O presidente da ONO (sigla em inglês para Organização de Ombudsmen de Notícias), Jeffrey Dvorkin, afirma que a reportagem que foi publicada na edição do "New York Times" de domingo sobre rumores a respeito de suposto problema alcoólico do presidente Luiz Inácio Lula da Silva é "uma história importante, realizada de forma correta".
O ombudsman declara que o texto é relevante, mesmo sem provar que o suposto exagero no consumo de álcool por Lula afete sua administração.
"Às vezes, a notícia é sobre o que todos estão falando", afirma o presidente da ONO.
"Se, de fato, o presidente tem um problema com bebidas, e isso não é tratado e todos acobertam o fato, pode acabar tendo um efeito sobre sua capacidade de governar. Isso seria um problema também para o jornalismo", afirma o presidente da entidade.
A organização que Dvorkin preside reúne ombudsmen de todo o mundo, incluindo o responsável por essa função na Folha, Marcelo Beraba.
A seguir, trechos da entrevista que foi concedida ontem por Dvorkin à Folha.
 

Folha - O governo brasileiro diz que a reportagem do "New York Times" é um exemplo de mau jornalismo. O sr. concorda?
Jeffrey Dvorkin -
Acredito que a matéria é OK. Parece haver muitas insinuações sobre o assunto. Se isso não é relatado, de certa forma é pior. Se, de fato, o presidente tem um problema com bebidas, e isso não é tratado e todos acobertam o fato, pode acabar tendo um efeito sobre sua capacidade de governar. Isso seria um problema também para o jornalismo.
Temos vários exemplos, nos EUA, de jornalistas que flertam com líderes políticos e não relatam quando eles têm problemas, quando são pegos dirigindo bêbados etc.
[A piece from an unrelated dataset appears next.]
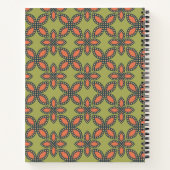 Retro Green en Oranje Abstract Floral Pattern Notitieboek (Achterkant)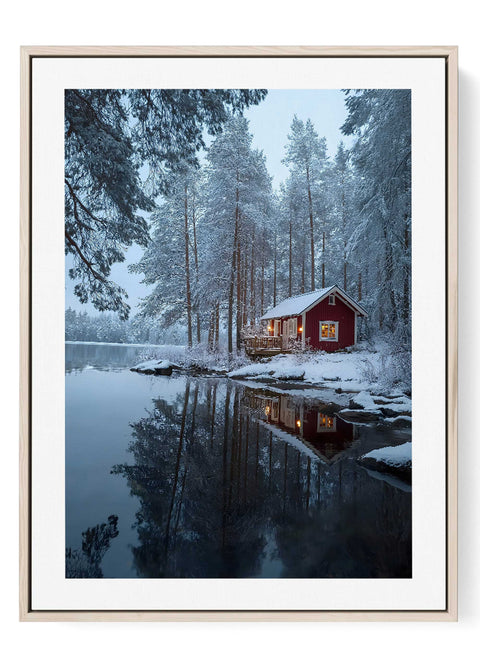 Snowy lake cabin art framed print featuring red Swedish cottage reflected in water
Você poderia levar isso longe demais, por outro lado, tirando de alguém que é eleito qualquer direito à privacidade. Mas, nesse caso, acho que é uma história importante, realizada de forma correta.
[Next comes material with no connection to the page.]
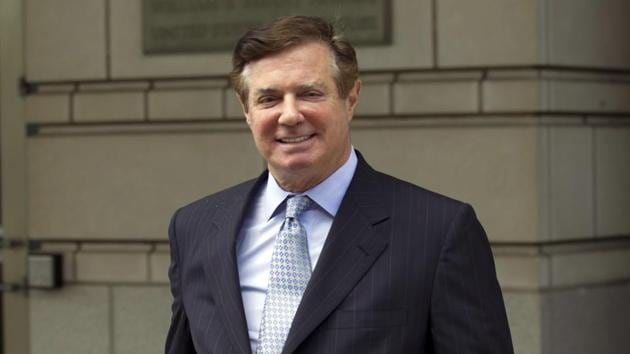 Paul Manafort, President Donald Trump's former campaign chairman, leaves the Federal District Court after a hearing in Washington on May 23, 2018.(AP File Photo)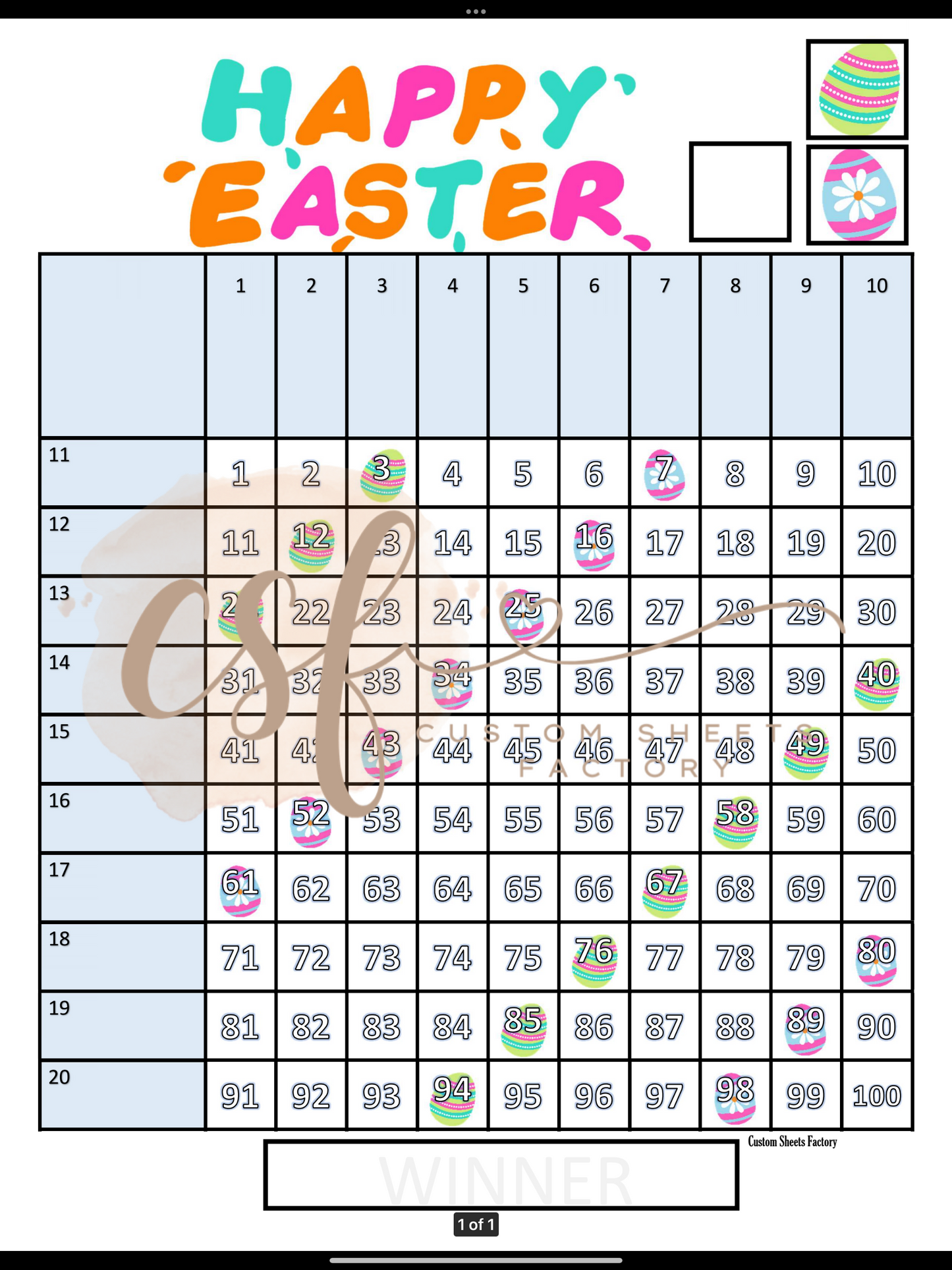 Easter Grid - 20 Line - 100 Ball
Folha - O repórter não demonstra que o presidente de fato tem um problema com álcool. No fim das contas, torna-se uma matéria sobre rumores. É correto escrever sobre isso?
Dvorkin -
Claro que sim. Às vezes, a notícia é sobre o que todos estão falando. E parece haver exemplos de casos em que o presidente de fato teve dificuldades em público. Tornou-se uma espécie de segredo de polichinelo.

Folha - O sr. acha que a matéria é respeitosa? Ela deveria procurar ser respeitosa?
Dvorkin -
Não estou muito preocupado se é respeitosa ou não. Minha experiência é a de que, quando líderes políticos exigem respeito, geralmente isso é usado como uma arma para silenciar os jornalistas.

Folha - Faz alguma diferença o fato, alegado pelo governo, de que supostamente Lula estaria sendo vítima de preconceito, por ser um ex-metalúrgico?
Dvorkin -
Não sei. Se há preconceito, é importante que isso faça parte do relato. Não sei se a origem social do presidente Luiz Inácio Lula da Silva influencia os comentários.

Folha - O sr. acredita que faria diferença para o "New York Times" se a história fosse relacionada a um presidente de um país rico?
Dvorkin -
Espero que não. O "New York Times" fez várias matérias sobre os casos amorosos do presidente francês François Miterrand ou sobre o alcoolismo de Boris Yeltsin.

Folha - O que o sr. pensa do fato de a imprensa brasileira não ter escrito sobre esse suposto problema de Lula?
Dvorkin -
É uma questão importante. Da mesma maneira como a imprensa norte-americana foi acusada após o 11 de Setembro, em outros países, de ser suave demais com o presidente George W. Bush, talvez haja algo disso no Brasil também -uma tendência a procurar não ofender uma figura política poderosa.